$a*b = \sqrt{ab} \space a,b \in \mathbb{R}$
It is easy enough to show it is communitive and not associative:
$a*b=\sqrt{ab}=\sqrt{ba}=b*a$ thus commutative
$(a*b)*c= \sqrt{ab\sqrt{c}} \neq\sqrt{a\sqrt{bc}}= a*(b*c)$ not associative
to find an identity element I need to find an element $e$ S.T. $a*e =a$ Well if we let $b=a$ then a*b = $\sqrt{a^2}=a$ That follows right?
As for an inverse I need something that gives me back...well im not sure
You're close!
One thing to note is that you must provide a counterexample to claim $a * b$ is not asociative. That is, can you provide three actual numbers $a,b,c \in \mathbb{R}$ so that $a*(b*c) \neq (a*b)*c$?
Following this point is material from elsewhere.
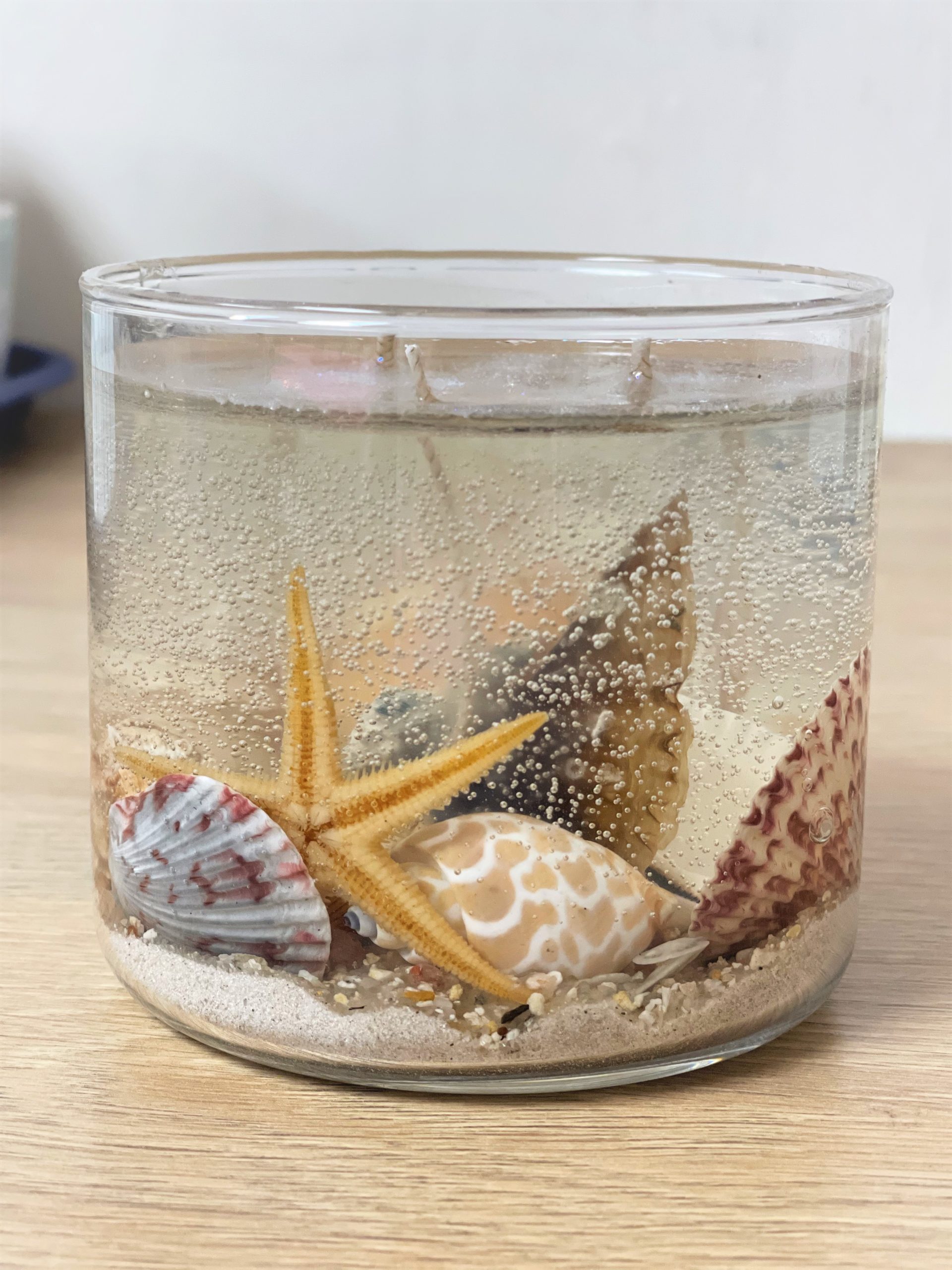 XL Gel Candle with Ocean Rain Aroma & Real Sea Shells and Sand from Florida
As for the identity, $e$ is not allowed to vary! It must be ONE number so that $a*e = e*a = a$. Your argument actually shows that no such $e$ exists, since for $a \neq e$, we must have $a*e \neq a$.
Finally, since there is no identity, there is no hope of inverses. This is another reason to want one $e$ which works as an identity for every $a$, if you don't have it, then it's not clear what $a * a^{-1}$ should be.
I hope this helps ^_^